- Information supplied -
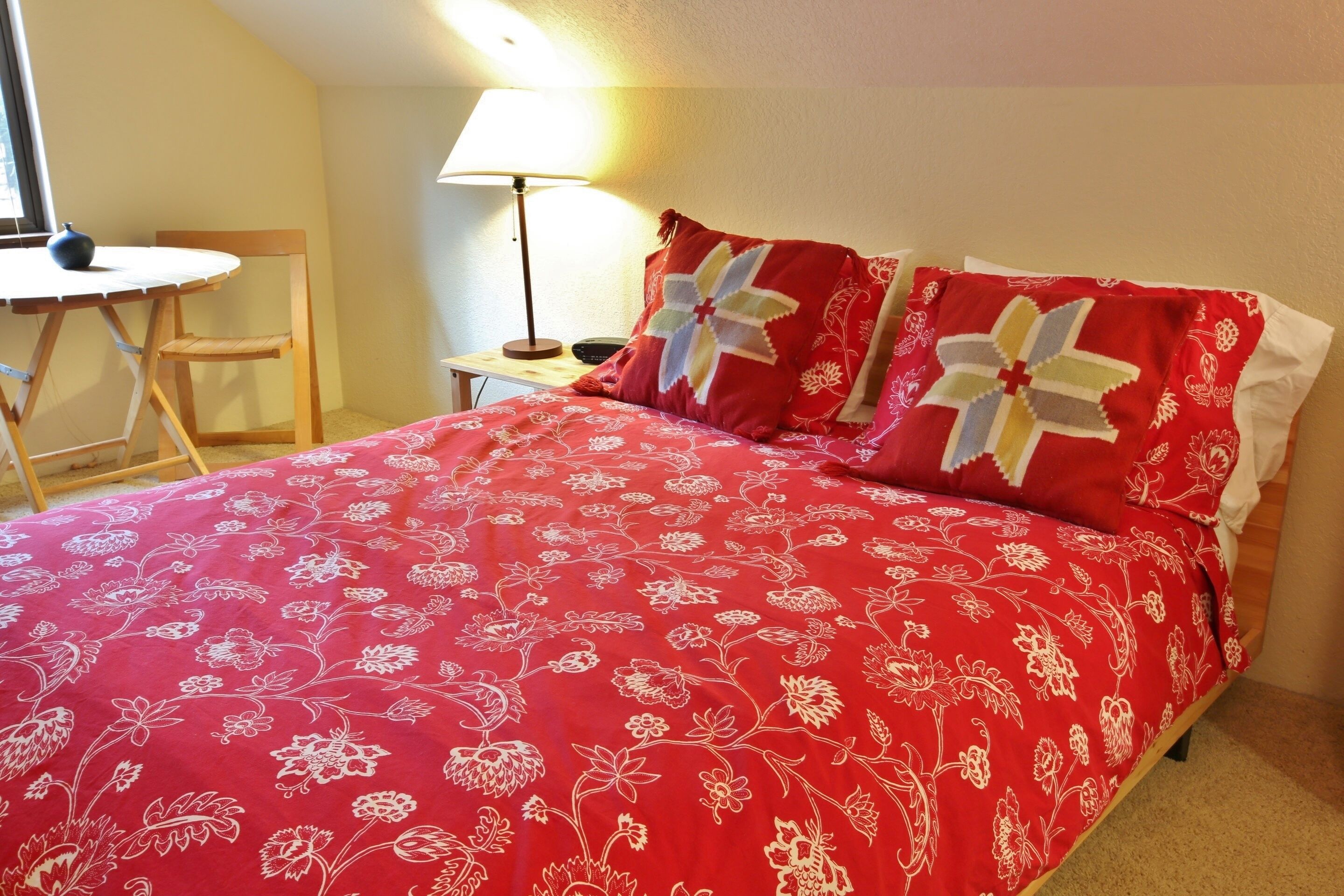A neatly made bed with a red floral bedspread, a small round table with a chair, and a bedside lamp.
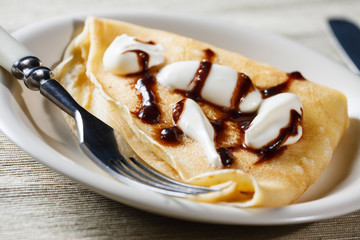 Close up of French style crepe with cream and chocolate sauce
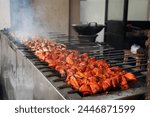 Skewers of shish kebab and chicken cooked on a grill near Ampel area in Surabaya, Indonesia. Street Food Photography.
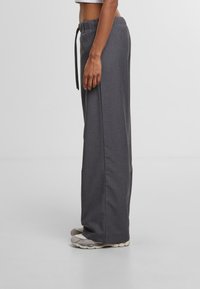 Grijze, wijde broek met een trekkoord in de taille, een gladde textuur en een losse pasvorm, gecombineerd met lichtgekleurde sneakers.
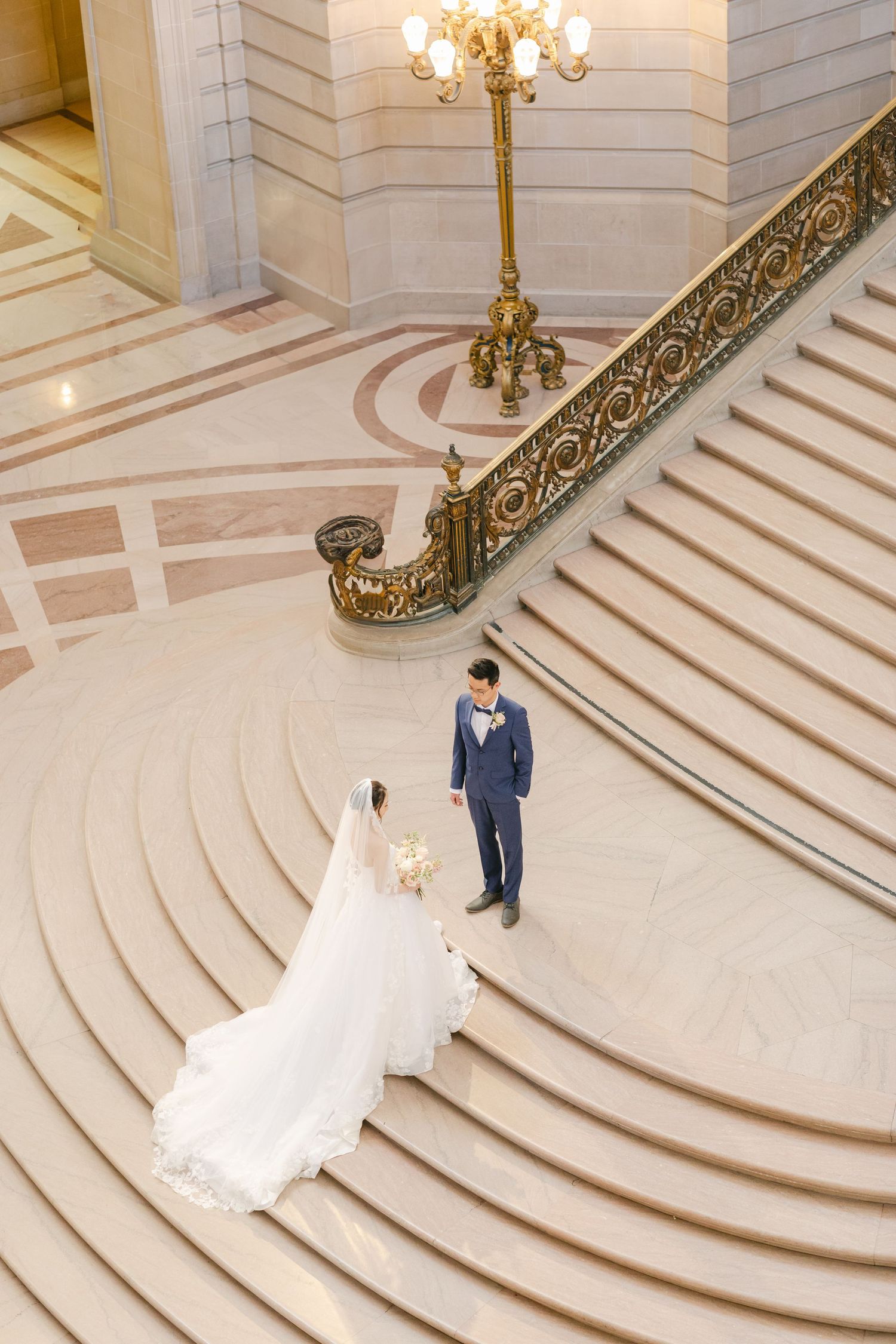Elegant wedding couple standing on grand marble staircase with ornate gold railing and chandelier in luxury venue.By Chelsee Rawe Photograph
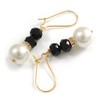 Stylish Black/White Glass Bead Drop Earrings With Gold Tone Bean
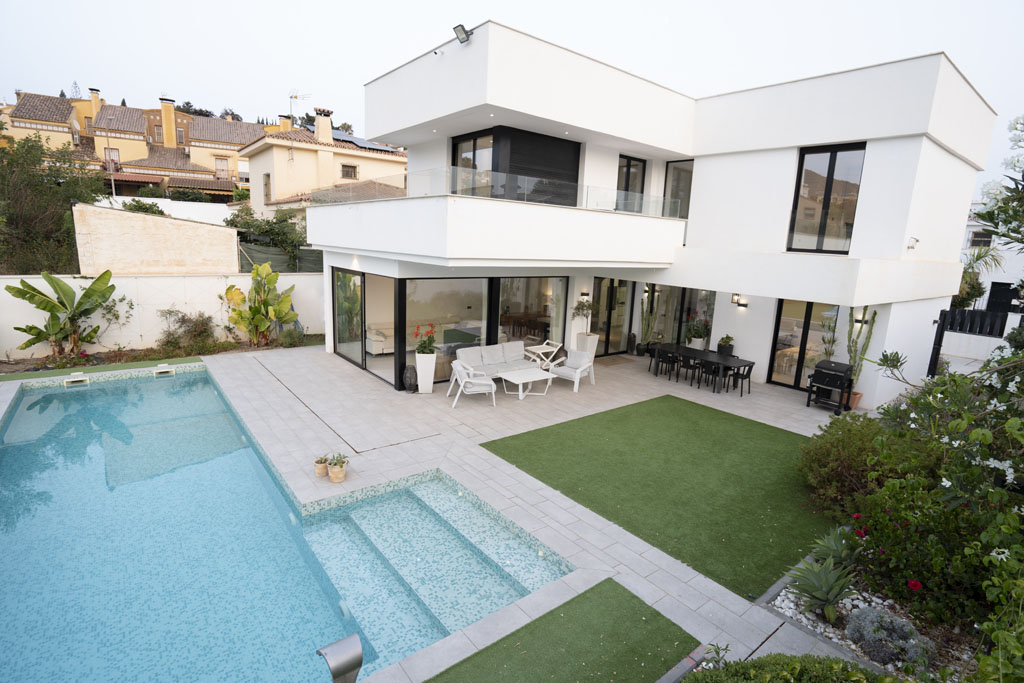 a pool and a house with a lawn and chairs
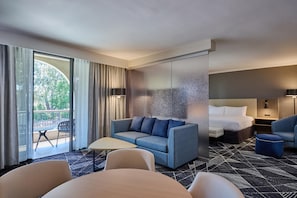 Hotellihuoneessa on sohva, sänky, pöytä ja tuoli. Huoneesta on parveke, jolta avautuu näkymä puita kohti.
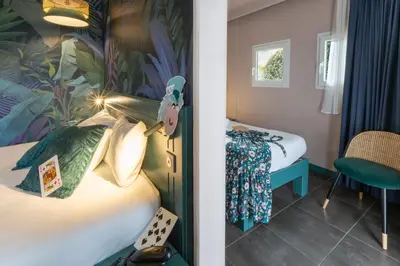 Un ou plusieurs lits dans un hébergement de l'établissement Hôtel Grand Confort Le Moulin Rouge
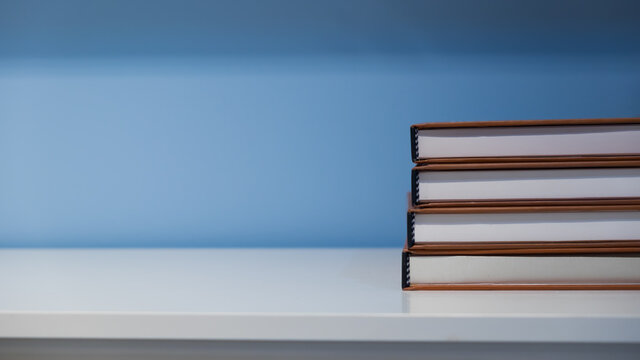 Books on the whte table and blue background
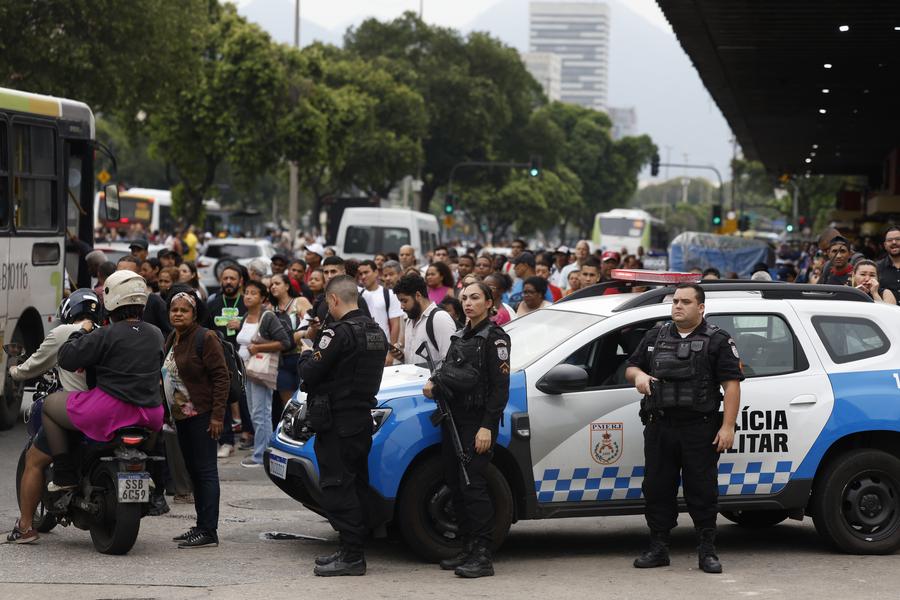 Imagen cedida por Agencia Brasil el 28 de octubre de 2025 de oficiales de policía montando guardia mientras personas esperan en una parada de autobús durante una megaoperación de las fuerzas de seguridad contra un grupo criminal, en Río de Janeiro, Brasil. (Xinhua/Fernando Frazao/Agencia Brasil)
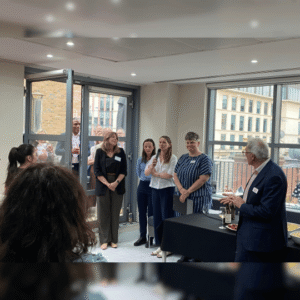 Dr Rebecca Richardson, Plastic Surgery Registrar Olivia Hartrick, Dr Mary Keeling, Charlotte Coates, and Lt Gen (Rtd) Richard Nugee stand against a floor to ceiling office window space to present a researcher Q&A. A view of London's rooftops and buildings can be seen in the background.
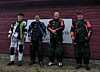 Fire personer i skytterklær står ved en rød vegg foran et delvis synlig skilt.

- What you will do -
Would you transcribe the whole listing above exactly? The pictures should not be included.

- Completed exercise -
A neatly made bed with a red floral bedspread, a small round table with a chair, and a bedside lamp.
 Close up of French style crepe with cream and chocolate sauce
 Skewers of shish kebab and chicken cooked on a grill near Ampel area in Surabaya, Indonesia. Street Food Photography.
 Grijze, wijde broek met een trekkoord in de taille, een gladde textuur en een losse pasvorm, gecombineerd met lichtgekleurde sneakers.
Elegant wedding couple standing on grand marble staircase with ornate gold railing and chandelier in luxury venue.By Chelsee Rawe Photograph
 Stylish Black/White Glass Bead Drop Earrings With Gold Tone Bean
 a pool and a house with a lawn and chairs
 Hotellihuoneessa on sohva, sänky, pöytä ja tuoli. Huoneesta on parveke, jolta avautuu näkymä puita kohti.
 Un ou plusieurs lits dans un hébergement de l'établissement Hôtel Grand Confort Le Moulin Rouge
 Books on the whte table and blue background
 Imagen cedida por Agencia Brasil el 28 de octubre de 2025 de oficiales de policía montando guardia mientras personas esperan en una parada de autobús durante una megaoperación de las fuerzas de seguridad contra un grupo criminal, en Río de Janeiro, Brasil. (Xinhua/Fernando Frazao/Agencia Brasil)
 Dr Rebecca Richardson, Plastic Surgery Registrar Olivia Hartrick, Dr Mary Keeling, Charlotte Coates, and Lt Gen (Rtd) Richard Nugee stand against a floor to ceiling office window space to present a researcher Q&A. A view of London's rooftops and buildings can be seen in the background.
 Fire personer i skytterklær står ved en rød vegg foran et delvis synlig skilt.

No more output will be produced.